During the project, Mr Cross supported young people from all backgrounds and abilities to learn and participate as part of the ship’s crew, and to go on to enjoy careers in engineering and across the maritime sector.
The vessel, affectionately known as the Danny, first set sail in 1903 and transported people, goods and livestock between Liverpool and Ellesmere Port, Cheshire, before being decommissioned in 1984.
She was earmarked for scrapping in 2004 after being vandalised, but Mr Cross spearheaded a preservation campaign, buying the steamer for £1.
He led a group of 100 volunteers who restored the Danny to full working order – including her Art Deco interior – with the help of a £3.8 million grant by the Heritage Lottery Fund.
After 12 years she was able to begin carrying passengers on cruises across north-west England in May 2016.
Merchant Navy Medals are awarded by the DfT for outstanding service by seafarers.
Mr Cross, 48, said: “I am deeply honoured to be awarded this wonderful medal alongside some prestigious recipients over the years.
“I played a small part in saving and returning the Daniel Adamson back to operational condition for future generations to enjoy and benefit from.
“It is often said the ship runs on two things – steam and volunteers – and this reflects what a magnificent team effort the project is.
“Having worked on harbour tugs for nearly 30 years, the work of the harbour tug is often overlooked.
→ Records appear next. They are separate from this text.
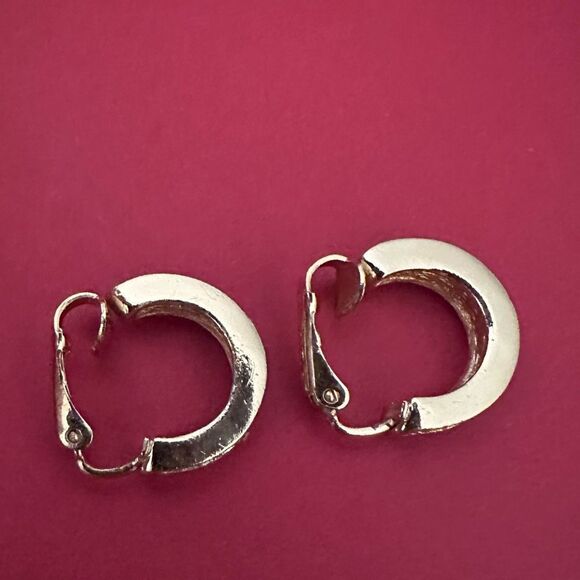 Stunning Dior Vintage Gold-Plated Crystal Hoop Clip-On Earrings - Picture 3 of 5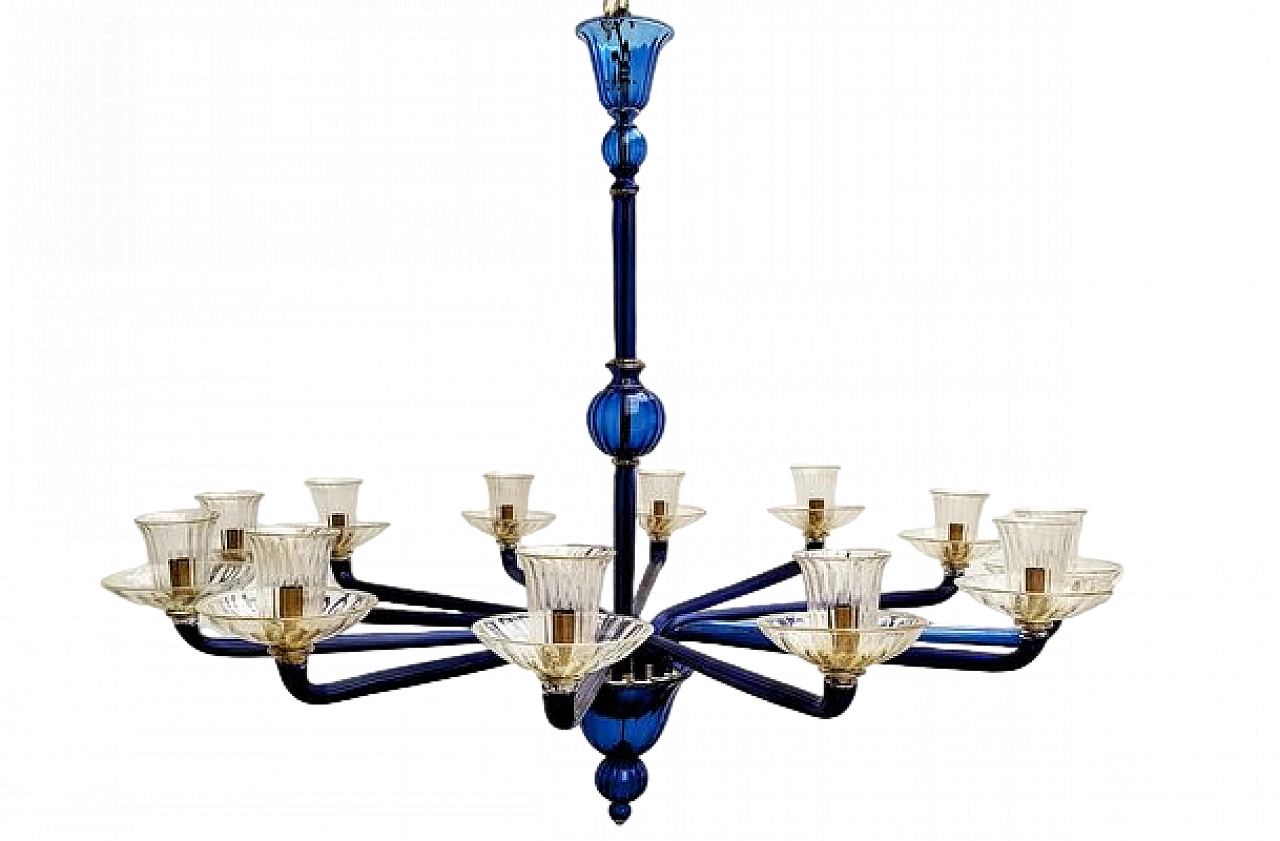 Chandelier with 12 lights in blue murano glass from Venini, 1985 11
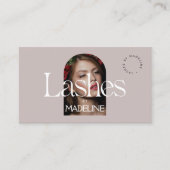 Editorial Chic Text Lashes Blush Mauve Visitenkarte (Vorderseite)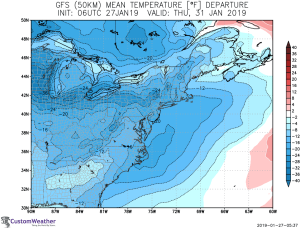 Figure 4b. Forecast minimum temperature departures from normal over the Northern Plains and Midwest on Wednesday 30<sup>th</sup> January and over the Northeast on Thursday 31<sup>st</sup> January. (Courtesy: CustomWeather).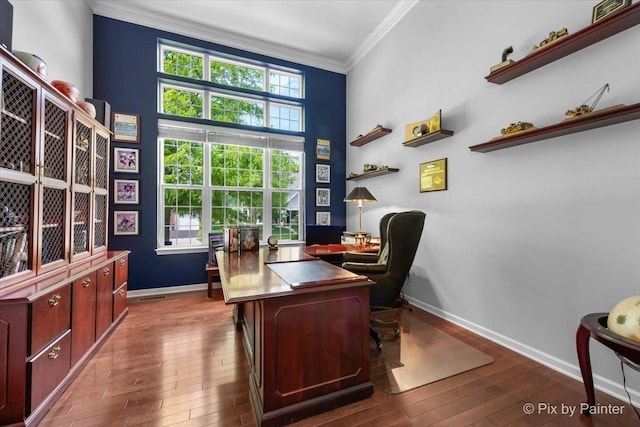 3879 Seigle Dr, Elgin, IL 60124 - office with ornamental molding, wood-type flooring, baseboards, and a towering ceiling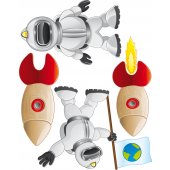 Kit Autocolante decorativo infantil espaço planetas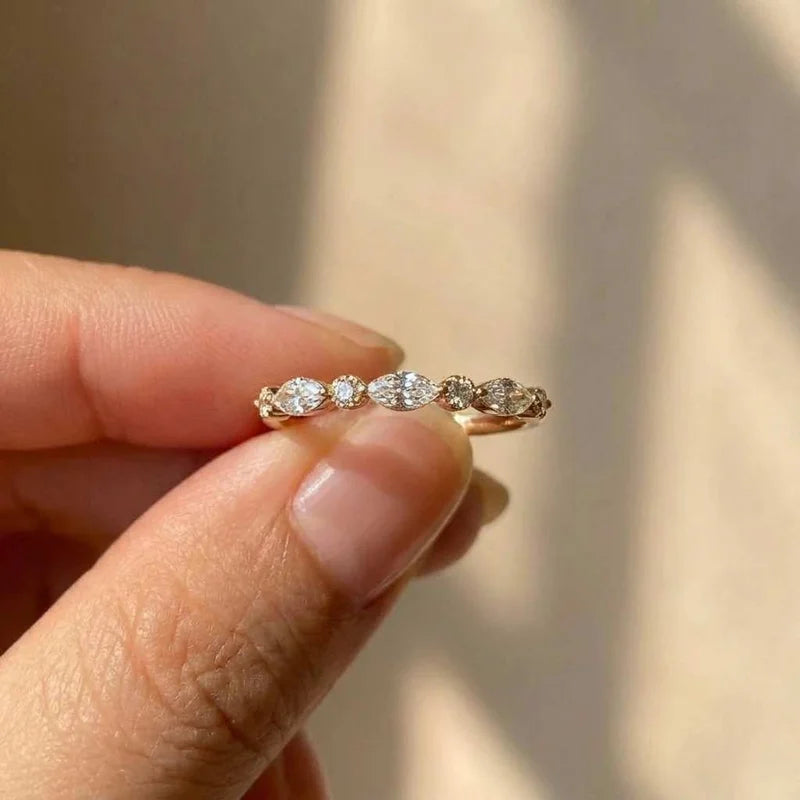 925 Sterling Silver Classic Zircon Marquise Stackable Ring for Women Engagement Wedding Luxury Fashion High Quality Fine Jewelry
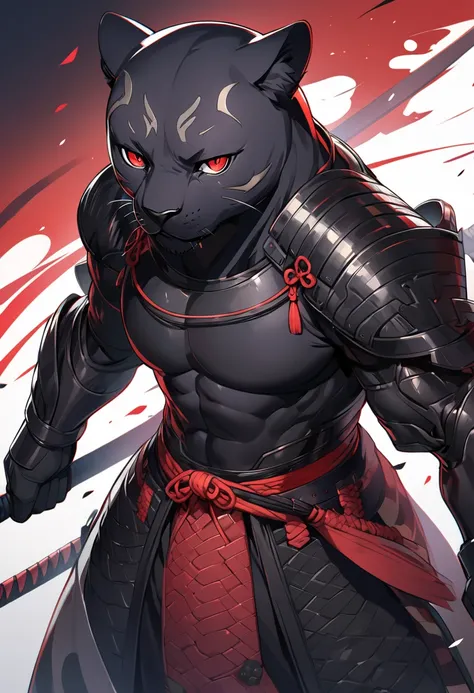 anthropomorphic black panther, samurai, black fur, red eyes, 8k high definition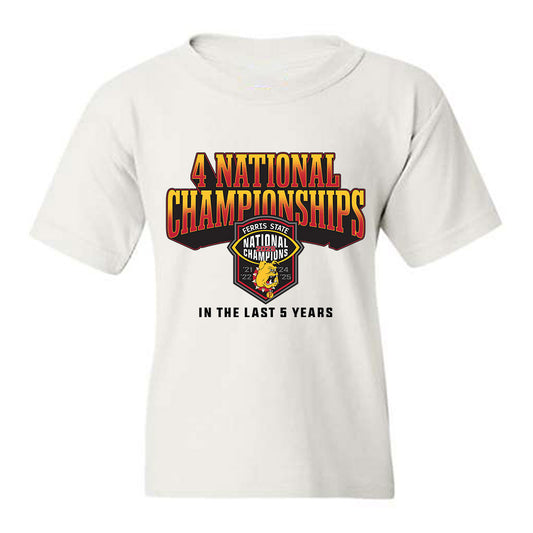 Ferris State - NCAA Football : Leeshaun Mumpfield - 5 years National Champions Youth T-Shirt-0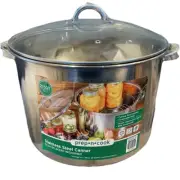 McSunley Water Bath Canner with Glass Lid Induction Capable 21.5Qt Stainless NEW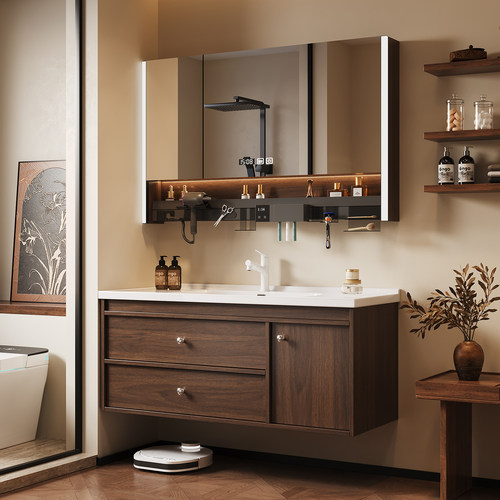 中古风浴室柜陶瓷一体盆实木智能洗漱台胡桃木洗手盆洗脸盆柜组合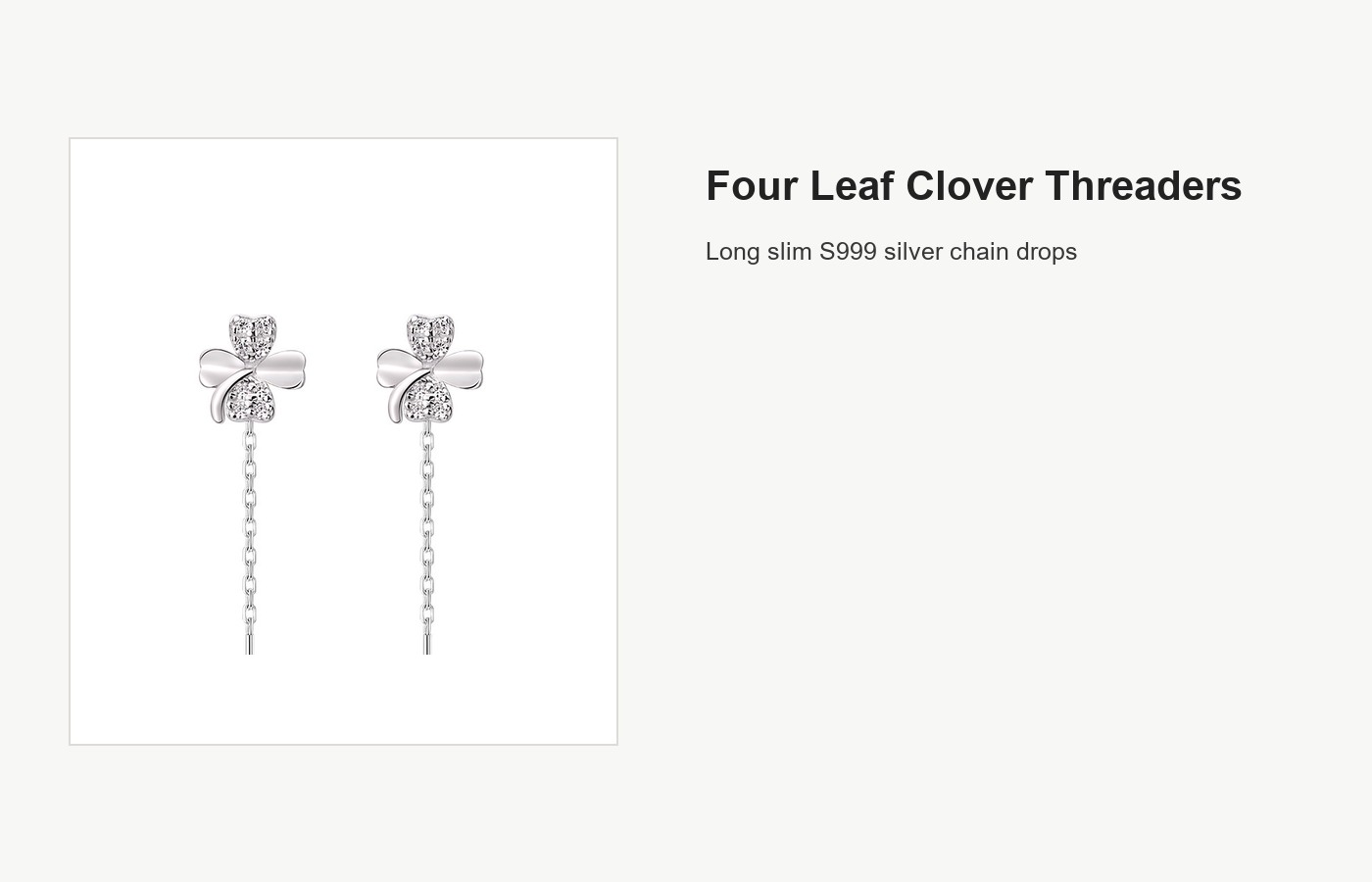 S999 Silver Four Leaf Clover Long Threader Earrings detail image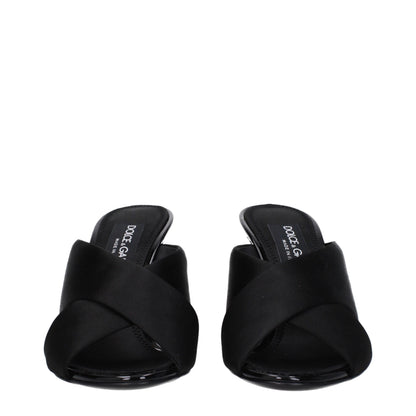 Dolce & Gabbana Schwarze Stiletto-Sandalen aus Satin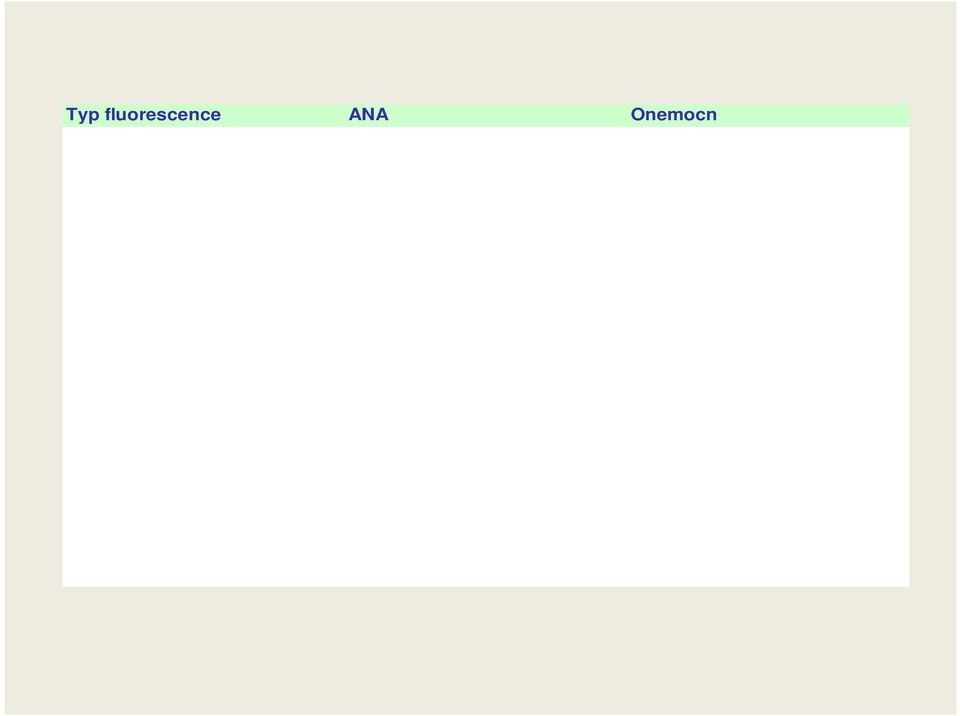 SLE homogenní anti-pm-scl SCL/DM chomáčkovitý anti-u3 RNP (fibrilarin) SCL skvrnitý anti-rna polymeráza I SCL Tečkovaný anti-centromerové CREST Cytoplazmatický anti-trna syntetázy (Jo-1,Pl-7) PM/DM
“As a key part of ensuring goods keep flowing in and out of the ports and harbours in the UK, it is great that services to harbour towage is recognised and the work we do can be remembered through vessels like the Daniel Adamson which also offers great training and education opportunities.”
Another of the 14 latest recipients of a Merchant Navy Medal is Ann Pletschke, 38, from Hampshire, who has championed the rights of women and under-privileged people in the industry.
She has also supported future Commonwealth seafarers in obtaining a maritime education.
This included paying educational fees for the first ever marine engineer officer to hail from Mauritius.
Ms Pletschke, a highly-skilled mariner with experience in remotely piloting vessels with centimetre precision, said: “With this award I would like to spotlight many others who work tirelessly for the same aims and to inspire others to give back.
“If we each do a little, we can all make the industry a safer, more diverse and better industry for all.”
Maritime minister Robert Courts said: “It is an honour to celebrate British mariners like Ann and Dan, whose efforts have changed maritime for the better.
“Every single nominee embodies the values of the maritime sector and has gone above and beyond within their field.
“We’re grateful to all 14 recipients for their efforts to make the industry better, safer and more accessible for all.”